The car is the four-seater, mid-engine sports car that Ferrari produced in the early 1980s, the Ferrari Mondial Quattrovalvole (denoting four valves per cylinder). The location is obvious: far away, on the grounds of a palace.
We do not often think of palaces here in the United States. We have mansions, now. We also enjoy building castles for some reason. Palaces, though, with their expansive grounds and France-before-all-the-guillotine-stuff vibes sort of miss our collective imagination. We build homes as big as palaces, on grounds as big as palaces, but somehow they always come out as estates.
The grandeur of the palace also invites modern criticism. When you’re actually out there, touring Versailles or Sanssouci or wherever else, almost overcome with the opulence of a room that is covered in priceless works of art, which are mounted below a priceless mural covering the full length of the ceiling, which is gilded at its edges, a thought always sneaks into your mind. These people didn’t even have plumbing, let alone WiFi.

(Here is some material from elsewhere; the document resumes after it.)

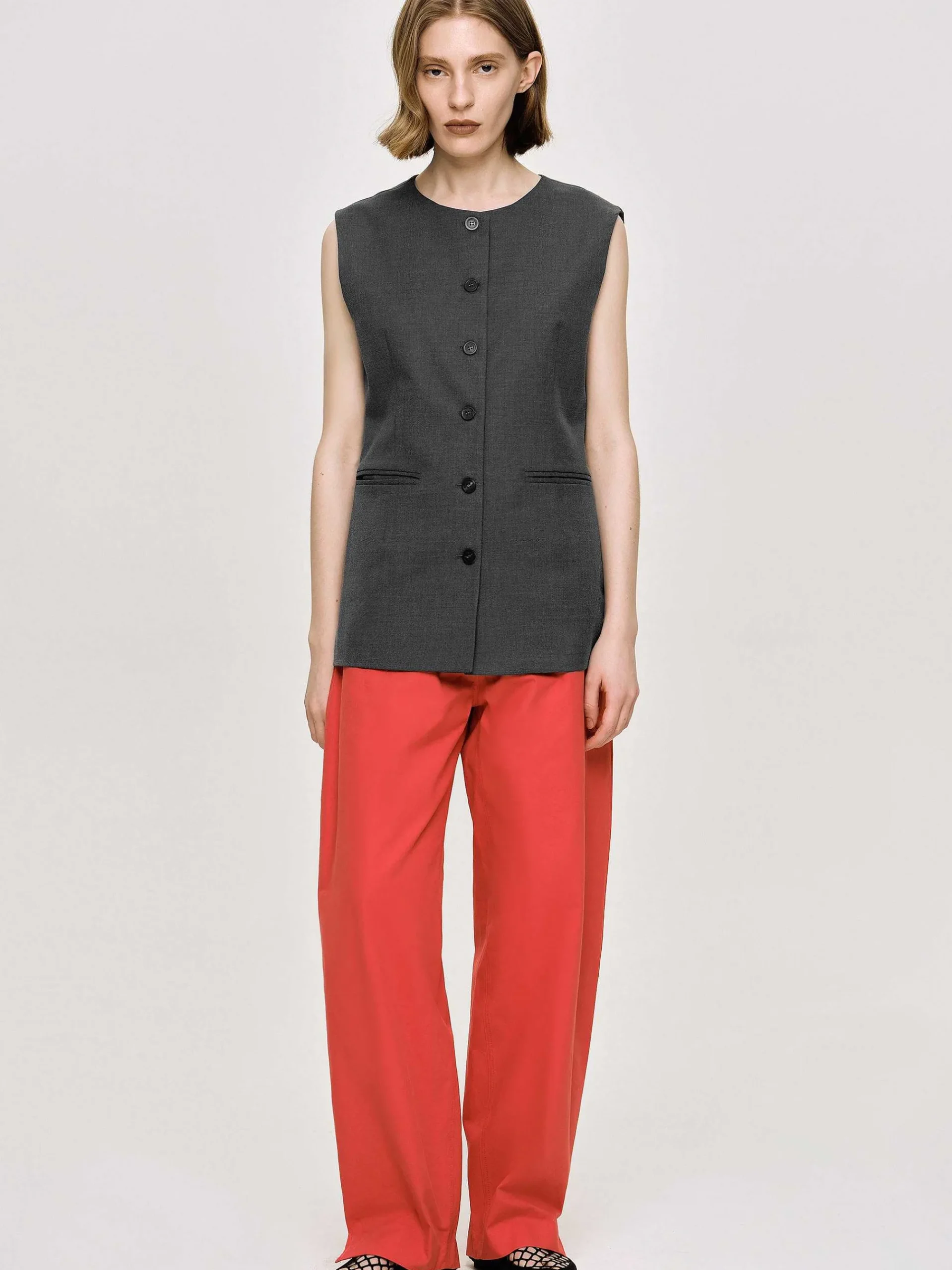 Source Unknown Hauts-Gilet Long Boutonne, Melange De Charbon De Bois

I guess the Mondial is similar. The very lofty heights of the Ferrari badge, of the gated manual shifter, of the cosseting leather seats, of the quad-valve, quad-cam V8, all of it brings to mind, hey, this thing is not actually any faster than my buddy’s 240SX. And the Ferrari is only marginally less likely to break down.

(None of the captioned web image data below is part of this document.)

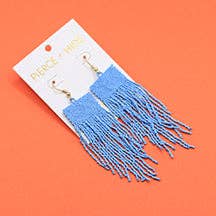 Carolina Blue Beaded Square Fringe Earrings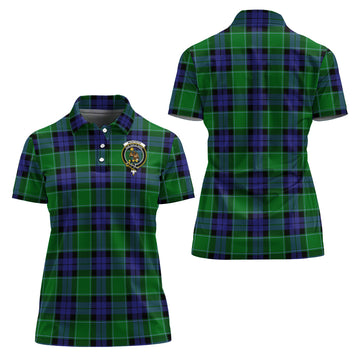 Monteith Tartan Polo Shirt with Family Crest For Women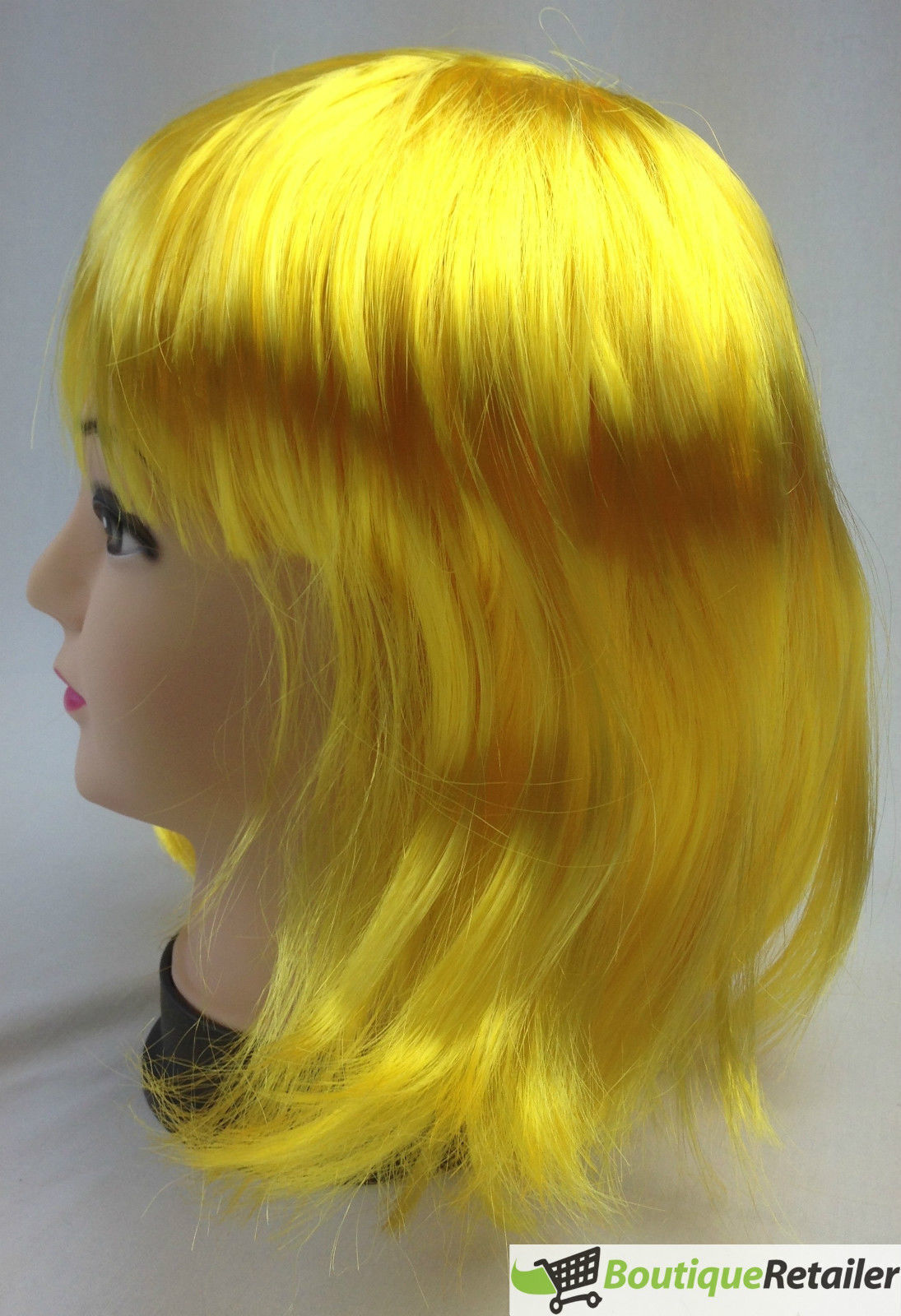 Vibrant Yellow Fringe Bob Wig for Creative Cosplay and Themed Events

The expectations associated with “mid-engine Ferrari” overwhelm the Mondial, and that’s kind of a bummer. It’s a neat car in its own right, even if it’s maybe not the best Ferrari. A palace is an interesting kind of human dwelling, even if it’s not the most comfortable place to take a dump.
Can I say that this is why Ferrari rolled a Mondial out to a palace for photography back in 1982. It still feels somehow appropriate.